September 8

FREEDOM MONTH: DAY 8: “Start telling the truth now and never stop. Begin by telling the truth to yourself about yourself. Then tell the truth to yourself about someone else. Then tell the truth about yourself to another. Then tell the truth about another to that other. Finally, tell the truth to everyone about everything. These are the 5 levels of truth telling. This is the five-fold path to freedom.” ― Neale Donald Walsch

I have always done this. Today I only tell the truth to another person if I am working with them or engaged in something that requires deep truth. This is the path to freedom.
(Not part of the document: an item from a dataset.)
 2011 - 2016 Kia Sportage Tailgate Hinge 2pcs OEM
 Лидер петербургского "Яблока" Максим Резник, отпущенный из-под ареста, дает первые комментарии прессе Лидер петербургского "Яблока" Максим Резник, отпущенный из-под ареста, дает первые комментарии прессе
I don’t impose my views or opinions on those who are not in a position to want them.

But I don’t withhold it either. The truth about myself is all I deal with most of the time. I don’t varnish it or color it to make it more attractive or palatable. It is my story, to the best of my ability. I want to tell it, because that has freed me every day, more and more, since I came across this way of life. I get to hear when I am playing a victim, or blaming others, or blaming life, or being a martyr or a hypocrite. I have been all of these…sometimes A LOT of them, sometimes all at once….yikes!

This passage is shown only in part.